He looked towards the grassy knoll on the northern edge of the citadel, and felt a rush of warmth. Sophia was still there, framed by the night sky, the wind blowing back her veil and revealing the golden belt, the bracelets, the headband, glistening in the starlight. But was it Sophia, or was he imagining another, Helen of Troy? Schliemann closed his eyes for a moment, feeling dizzy, a sound like the sea coming and going in his head. He opened his eyes and saw that Sophia had lifted up a tallow torch and lit it, sending wisps of smoke curling in the wind towards him. The flames suddenly erupted, illuminating her red dress, and for a moment it looked as though they would devour her, as if she herself would become a torch, a leaping, twisting beacon of fire, a signal into the night. Was that how it had all begun?
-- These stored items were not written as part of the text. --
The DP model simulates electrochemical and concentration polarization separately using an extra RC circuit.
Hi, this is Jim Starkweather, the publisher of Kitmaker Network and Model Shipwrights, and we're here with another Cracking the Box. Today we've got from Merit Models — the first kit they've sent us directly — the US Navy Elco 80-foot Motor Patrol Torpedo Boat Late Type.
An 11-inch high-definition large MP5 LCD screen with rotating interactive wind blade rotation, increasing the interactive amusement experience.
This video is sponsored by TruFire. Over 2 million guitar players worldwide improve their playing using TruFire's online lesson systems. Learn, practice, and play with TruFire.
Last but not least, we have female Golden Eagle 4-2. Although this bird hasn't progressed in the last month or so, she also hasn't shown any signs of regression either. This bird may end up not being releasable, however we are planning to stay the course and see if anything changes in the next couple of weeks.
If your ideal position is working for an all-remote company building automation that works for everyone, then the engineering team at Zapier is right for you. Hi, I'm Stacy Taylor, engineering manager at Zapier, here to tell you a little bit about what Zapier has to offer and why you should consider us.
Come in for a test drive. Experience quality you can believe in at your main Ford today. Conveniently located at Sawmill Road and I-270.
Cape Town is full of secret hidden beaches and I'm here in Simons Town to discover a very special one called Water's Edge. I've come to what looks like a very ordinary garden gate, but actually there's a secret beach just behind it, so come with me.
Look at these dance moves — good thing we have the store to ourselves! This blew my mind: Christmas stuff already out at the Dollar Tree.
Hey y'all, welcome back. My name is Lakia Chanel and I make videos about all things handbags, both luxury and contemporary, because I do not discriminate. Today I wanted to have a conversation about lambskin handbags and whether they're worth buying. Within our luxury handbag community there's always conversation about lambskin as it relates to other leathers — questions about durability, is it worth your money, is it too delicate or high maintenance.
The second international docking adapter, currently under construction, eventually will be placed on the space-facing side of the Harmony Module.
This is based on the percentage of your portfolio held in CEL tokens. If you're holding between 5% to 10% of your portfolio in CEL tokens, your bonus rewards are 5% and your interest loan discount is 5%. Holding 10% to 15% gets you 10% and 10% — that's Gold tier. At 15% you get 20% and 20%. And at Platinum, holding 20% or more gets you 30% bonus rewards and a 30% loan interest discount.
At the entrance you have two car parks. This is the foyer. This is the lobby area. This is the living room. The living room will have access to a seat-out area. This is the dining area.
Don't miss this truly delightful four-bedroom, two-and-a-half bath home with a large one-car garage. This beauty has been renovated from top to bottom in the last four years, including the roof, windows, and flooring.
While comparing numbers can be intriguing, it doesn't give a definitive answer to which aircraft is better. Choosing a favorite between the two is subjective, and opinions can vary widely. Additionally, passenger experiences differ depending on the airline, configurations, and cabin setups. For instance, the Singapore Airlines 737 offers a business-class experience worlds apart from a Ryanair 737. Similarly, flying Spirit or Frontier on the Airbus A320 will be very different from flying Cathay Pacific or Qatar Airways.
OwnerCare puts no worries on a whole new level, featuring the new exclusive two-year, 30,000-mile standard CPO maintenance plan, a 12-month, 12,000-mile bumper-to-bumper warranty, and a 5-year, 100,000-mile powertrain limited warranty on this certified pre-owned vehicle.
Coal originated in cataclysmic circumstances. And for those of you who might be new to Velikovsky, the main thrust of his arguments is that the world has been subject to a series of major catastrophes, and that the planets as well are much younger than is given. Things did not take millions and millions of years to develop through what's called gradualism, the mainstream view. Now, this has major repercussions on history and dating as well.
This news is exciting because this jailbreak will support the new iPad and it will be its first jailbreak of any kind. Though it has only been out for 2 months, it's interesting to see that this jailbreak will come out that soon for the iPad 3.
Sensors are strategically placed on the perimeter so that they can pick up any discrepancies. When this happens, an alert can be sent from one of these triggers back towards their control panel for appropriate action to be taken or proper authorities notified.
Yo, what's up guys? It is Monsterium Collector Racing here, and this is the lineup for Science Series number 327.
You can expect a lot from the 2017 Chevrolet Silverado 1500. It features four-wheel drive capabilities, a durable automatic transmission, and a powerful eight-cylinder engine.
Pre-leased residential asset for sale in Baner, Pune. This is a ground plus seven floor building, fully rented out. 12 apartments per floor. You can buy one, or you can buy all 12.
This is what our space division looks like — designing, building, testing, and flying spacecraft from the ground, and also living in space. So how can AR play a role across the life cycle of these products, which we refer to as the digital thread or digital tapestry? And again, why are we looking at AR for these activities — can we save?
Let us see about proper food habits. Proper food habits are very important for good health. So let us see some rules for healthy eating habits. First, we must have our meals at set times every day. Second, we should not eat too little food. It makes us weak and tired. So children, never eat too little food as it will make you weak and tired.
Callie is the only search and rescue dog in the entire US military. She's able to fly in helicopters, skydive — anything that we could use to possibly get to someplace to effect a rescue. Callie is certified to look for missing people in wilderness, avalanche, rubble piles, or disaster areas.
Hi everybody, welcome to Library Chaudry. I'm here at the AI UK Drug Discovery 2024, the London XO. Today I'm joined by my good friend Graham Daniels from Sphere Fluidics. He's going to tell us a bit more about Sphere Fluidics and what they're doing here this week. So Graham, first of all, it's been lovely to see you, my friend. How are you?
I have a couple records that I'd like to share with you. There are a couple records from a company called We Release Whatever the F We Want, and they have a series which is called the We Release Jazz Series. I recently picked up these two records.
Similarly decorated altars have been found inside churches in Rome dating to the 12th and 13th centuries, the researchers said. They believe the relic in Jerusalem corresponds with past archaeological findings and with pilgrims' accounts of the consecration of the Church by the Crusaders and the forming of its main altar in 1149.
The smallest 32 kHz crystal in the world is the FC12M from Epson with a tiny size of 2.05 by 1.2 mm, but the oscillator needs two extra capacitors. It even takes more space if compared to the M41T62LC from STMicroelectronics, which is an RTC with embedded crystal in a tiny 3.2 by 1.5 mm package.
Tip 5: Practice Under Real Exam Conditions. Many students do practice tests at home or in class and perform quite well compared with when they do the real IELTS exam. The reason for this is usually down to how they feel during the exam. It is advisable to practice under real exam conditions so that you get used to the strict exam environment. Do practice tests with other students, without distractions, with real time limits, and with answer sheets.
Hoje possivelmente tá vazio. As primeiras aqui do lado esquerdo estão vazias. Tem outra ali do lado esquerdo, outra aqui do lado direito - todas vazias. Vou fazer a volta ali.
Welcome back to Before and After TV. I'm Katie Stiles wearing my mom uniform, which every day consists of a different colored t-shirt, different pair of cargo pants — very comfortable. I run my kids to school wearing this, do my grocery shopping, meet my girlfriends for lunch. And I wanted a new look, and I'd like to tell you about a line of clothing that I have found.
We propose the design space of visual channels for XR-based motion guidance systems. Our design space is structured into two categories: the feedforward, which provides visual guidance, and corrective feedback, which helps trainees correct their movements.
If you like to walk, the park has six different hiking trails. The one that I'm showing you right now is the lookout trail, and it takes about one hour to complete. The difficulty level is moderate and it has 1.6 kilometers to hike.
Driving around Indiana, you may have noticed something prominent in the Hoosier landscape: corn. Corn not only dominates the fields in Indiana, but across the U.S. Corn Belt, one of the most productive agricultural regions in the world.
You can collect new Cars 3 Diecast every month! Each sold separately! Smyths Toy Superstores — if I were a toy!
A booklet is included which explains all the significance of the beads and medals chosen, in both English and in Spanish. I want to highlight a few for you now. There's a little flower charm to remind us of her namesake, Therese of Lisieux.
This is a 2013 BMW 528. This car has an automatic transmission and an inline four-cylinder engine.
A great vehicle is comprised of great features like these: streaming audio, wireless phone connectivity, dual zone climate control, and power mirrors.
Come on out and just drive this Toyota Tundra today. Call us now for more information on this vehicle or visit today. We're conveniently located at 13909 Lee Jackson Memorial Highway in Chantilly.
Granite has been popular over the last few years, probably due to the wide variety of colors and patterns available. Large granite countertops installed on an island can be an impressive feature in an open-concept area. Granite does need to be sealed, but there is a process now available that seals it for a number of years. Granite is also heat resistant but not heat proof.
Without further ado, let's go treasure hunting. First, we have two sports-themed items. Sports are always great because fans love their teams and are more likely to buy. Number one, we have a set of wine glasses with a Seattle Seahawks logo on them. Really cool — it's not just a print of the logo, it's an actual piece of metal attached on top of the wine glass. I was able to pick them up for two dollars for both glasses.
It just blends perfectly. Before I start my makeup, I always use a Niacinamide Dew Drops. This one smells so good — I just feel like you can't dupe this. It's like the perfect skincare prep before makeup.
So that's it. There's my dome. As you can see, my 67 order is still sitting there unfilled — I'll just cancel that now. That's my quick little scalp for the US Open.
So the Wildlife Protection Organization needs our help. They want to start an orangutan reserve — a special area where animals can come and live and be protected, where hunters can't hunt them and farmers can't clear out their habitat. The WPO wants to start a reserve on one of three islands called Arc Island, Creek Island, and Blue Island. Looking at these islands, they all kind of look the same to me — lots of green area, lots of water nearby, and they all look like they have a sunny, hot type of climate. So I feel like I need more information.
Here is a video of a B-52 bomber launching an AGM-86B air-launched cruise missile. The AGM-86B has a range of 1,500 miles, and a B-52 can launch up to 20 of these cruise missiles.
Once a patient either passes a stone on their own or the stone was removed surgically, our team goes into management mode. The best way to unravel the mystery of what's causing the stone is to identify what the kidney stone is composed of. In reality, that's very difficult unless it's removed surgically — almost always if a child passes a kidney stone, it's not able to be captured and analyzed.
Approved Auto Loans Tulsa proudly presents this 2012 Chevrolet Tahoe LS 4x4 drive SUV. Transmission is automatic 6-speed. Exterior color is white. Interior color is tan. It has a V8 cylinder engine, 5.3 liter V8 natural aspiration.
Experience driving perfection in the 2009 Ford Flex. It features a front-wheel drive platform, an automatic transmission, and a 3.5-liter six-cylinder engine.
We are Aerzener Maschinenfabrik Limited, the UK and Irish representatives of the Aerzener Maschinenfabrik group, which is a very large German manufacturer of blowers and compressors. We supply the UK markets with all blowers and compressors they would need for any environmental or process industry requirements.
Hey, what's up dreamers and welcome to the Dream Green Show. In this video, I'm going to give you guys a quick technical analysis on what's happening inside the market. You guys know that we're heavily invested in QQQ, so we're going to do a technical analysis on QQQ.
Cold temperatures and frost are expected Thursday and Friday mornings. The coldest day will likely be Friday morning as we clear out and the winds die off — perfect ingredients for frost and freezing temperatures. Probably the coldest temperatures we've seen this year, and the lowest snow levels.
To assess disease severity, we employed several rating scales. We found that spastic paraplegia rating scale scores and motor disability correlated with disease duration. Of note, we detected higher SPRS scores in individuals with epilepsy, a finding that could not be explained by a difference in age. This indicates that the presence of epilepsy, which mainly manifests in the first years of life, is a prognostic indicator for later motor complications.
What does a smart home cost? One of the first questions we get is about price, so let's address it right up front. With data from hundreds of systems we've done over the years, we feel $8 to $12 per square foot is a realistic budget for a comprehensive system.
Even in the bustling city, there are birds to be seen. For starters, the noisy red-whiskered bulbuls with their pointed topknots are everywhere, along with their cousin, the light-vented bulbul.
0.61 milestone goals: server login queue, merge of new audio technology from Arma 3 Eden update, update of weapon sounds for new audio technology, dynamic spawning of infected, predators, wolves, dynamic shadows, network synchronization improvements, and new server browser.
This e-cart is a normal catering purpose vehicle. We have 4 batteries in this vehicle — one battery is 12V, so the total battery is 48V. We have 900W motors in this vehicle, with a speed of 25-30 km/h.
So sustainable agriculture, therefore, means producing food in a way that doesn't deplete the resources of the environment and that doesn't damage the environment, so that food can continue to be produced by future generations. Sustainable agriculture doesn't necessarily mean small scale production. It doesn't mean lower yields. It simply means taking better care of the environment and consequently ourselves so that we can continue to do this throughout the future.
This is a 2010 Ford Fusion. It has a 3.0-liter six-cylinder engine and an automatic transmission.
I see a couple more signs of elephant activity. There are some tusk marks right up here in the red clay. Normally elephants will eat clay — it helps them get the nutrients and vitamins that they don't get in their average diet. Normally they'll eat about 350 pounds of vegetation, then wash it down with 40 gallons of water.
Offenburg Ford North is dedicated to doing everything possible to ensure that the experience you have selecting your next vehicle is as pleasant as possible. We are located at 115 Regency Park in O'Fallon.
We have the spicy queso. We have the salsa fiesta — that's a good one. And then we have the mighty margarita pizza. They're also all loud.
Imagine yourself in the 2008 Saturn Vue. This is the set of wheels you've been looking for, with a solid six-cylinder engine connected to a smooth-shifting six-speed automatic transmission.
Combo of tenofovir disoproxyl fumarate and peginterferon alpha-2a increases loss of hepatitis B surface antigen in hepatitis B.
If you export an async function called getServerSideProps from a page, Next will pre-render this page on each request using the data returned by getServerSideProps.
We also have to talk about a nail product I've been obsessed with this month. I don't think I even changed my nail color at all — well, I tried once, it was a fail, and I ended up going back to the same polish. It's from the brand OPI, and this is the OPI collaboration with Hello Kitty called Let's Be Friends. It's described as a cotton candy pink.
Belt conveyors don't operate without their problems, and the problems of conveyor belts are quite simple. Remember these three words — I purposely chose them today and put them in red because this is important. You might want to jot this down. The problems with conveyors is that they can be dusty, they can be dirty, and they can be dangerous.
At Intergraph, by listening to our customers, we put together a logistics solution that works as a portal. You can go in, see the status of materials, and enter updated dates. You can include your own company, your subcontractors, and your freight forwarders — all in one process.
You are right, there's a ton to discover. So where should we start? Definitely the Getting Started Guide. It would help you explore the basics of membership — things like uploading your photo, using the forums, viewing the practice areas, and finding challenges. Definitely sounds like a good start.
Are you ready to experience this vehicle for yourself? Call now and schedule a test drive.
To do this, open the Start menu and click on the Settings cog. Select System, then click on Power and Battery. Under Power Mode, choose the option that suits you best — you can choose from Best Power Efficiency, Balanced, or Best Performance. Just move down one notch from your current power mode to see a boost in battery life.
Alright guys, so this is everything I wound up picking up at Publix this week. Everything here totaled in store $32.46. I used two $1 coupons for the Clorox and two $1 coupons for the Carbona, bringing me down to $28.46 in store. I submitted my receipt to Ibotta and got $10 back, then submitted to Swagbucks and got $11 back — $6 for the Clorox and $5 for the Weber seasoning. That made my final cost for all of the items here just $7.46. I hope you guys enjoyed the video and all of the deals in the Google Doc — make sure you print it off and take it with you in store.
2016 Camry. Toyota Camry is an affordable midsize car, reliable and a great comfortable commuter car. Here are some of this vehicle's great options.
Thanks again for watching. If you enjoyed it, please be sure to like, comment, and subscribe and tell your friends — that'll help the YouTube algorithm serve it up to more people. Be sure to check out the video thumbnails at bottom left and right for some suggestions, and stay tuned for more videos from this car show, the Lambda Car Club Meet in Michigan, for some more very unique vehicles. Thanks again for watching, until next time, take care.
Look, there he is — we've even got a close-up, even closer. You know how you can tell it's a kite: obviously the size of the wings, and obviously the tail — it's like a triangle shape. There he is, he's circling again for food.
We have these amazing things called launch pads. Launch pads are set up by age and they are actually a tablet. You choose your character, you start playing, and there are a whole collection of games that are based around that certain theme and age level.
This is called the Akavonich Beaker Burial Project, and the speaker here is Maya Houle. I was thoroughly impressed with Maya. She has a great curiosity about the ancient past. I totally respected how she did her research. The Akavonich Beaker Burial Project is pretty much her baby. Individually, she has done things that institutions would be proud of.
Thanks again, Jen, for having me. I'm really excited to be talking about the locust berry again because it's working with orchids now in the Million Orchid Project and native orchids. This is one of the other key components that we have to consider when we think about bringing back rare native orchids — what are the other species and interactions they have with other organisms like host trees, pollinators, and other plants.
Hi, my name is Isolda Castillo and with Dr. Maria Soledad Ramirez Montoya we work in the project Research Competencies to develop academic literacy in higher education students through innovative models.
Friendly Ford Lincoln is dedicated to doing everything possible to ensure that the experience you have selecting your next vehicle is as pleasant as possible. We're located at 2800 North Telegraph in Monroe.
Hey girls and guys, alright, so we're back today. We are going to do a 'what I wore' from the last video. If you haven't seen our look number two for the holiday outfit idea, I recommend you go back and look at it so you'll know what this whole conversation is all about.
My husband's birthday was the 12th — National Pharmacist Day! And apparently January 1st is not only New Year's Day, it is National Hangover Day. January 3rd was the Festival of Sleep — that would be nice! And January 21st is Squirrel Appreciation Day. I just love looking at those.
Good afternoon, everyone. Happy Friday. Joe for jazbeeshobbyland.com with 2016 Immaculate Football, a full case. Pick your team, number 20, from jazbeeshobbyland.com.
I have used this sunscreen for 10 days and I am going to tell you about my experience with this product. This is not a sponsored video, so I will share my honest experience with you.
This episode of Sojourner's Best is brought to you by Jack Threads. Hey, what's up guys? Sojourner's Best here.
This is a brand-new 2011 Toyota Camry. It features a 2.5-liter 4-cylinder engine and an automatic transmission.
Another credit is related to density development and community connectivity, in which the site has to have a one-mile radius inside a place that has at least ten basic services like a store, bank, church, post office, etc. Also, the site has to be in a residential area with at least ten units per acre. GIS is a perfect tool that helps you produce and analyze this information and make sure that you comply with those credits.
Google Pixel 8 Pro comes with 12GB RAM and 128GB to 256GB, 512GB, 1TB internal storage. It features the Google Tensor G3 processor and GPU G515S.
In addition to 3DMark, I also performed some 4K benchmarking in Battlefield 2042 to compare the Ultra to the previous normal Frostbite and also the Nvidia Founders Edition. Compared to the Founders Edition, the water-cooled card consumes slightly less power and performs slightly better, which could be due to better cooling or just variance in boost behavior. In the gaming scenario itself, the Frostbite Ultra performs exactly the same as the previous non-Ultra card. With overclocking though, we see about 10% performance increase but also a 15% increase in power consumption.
And was the Trojan Horse real, or was it some dark force of the sea, raging, tossing its mane, turning to fire and bloody murder as it swept death towards the citadel, breaking over the beacon, carrying all before it?
He knew Homer off by heart. He thought he knew about the Trojan War. A war fought for beauteous Helen, and the wealth she brought. But had it been? He closed his eyes, and tried to conjure it, melding fragmentary images as they came to him. The sea, the colour of widow’s tears, steel-blue. Grooms beside beached ships, whispering to tethered horses not to fear the sea, then kissing and releasing them. Harpies flying overhead, bronze and iron messengers of death. He looked at his hand, calloused as he imagined Agamemnon’s might have been: the hand of Agamemnon, people-devouring king, battle-wise, lion-maned, he who knew war in all its bloody ways. The ringing in his ears became shouts, bellows, roars. Blood was everywhere, pounding in his head, cloying in his nostrils, its iron taste filling his mouth. Dark blood spurting from wounds cleaved by champions. Blood swept up from the plain and falling like a rainstorm, staining the ground black. Blood lapping against Scamander’s shore, drenching the beach, drowning the plain below the battlements, seeping up over them. Sophia, blood-red beacon, dripping fire.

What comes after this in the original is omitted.